**EXERCISE REQUIREMENTS**
No pictures go in the copy; retype exactly the lines from the one with "Mousepad Monograma de Laço Preto e Branco" through the last line of the records.

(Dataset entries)
════════════════

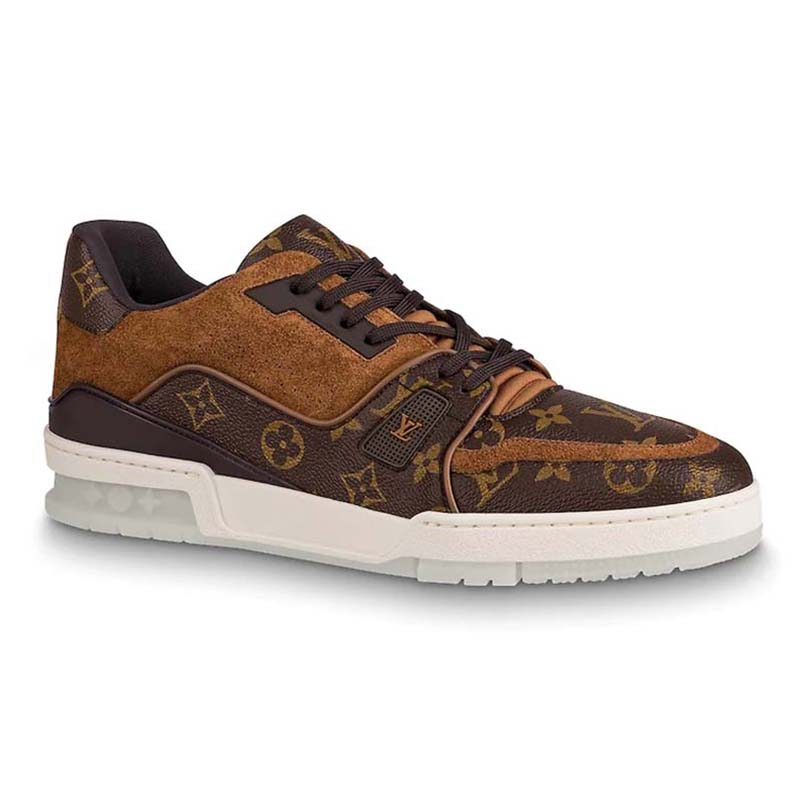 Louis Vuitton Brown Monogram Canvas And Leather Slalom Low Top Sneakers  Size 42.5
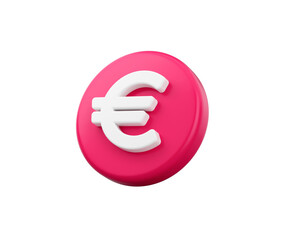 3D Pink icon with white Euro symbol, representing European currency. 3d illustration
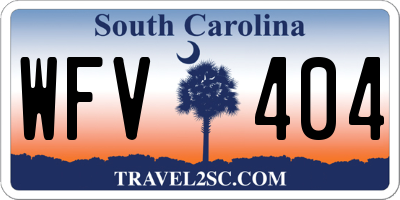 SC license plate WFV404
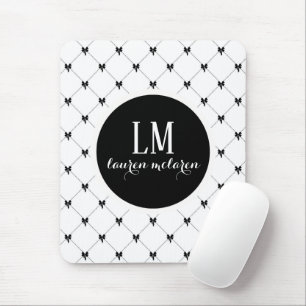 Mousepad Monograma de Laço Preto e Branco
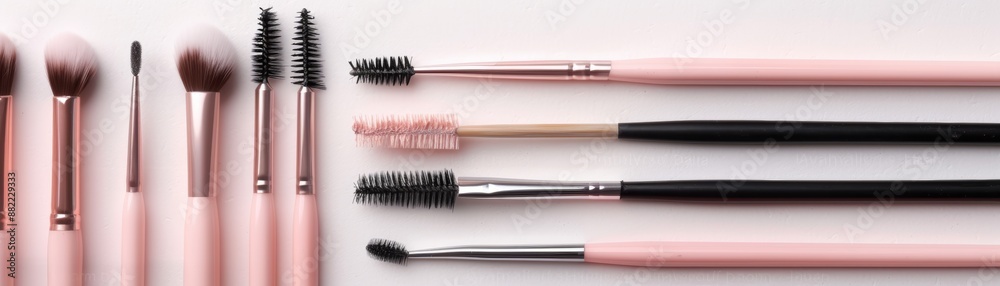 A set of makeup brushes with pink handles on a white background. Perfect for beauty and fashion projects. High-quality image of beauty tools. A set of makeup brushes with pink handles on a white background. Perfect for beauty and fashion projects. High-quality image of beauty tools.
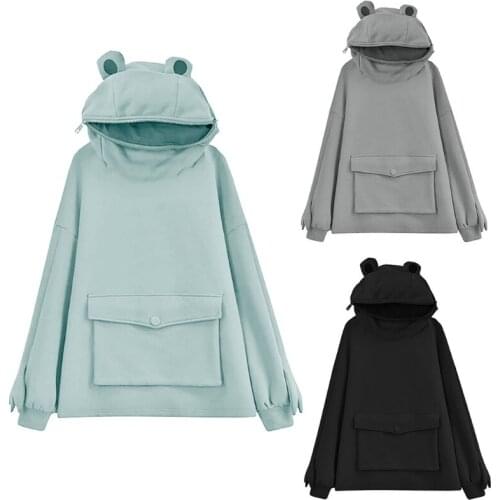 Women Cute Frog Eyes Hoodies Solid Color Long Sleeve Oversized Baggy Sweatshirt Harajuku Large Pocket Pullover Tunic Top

════════════════

**EXPECTED OUTPUT**
 Mousepad Monograma de Laço Preto e Branco
 A set of makeup brushes with pink handles on a white background. Perfect for beauty and fashion projects. High-quality image of beauty tools. A set of makeup brushes with pink handles on a white background. Perfect for beauty and fashion projects. High-quality image of beauty tools.
 Women Cute Frog Eyes Hoodies Solid Color Long Sleeve Oversized Baggy Sweatshirt Harajuku Large Pocket Pullover Tunic Top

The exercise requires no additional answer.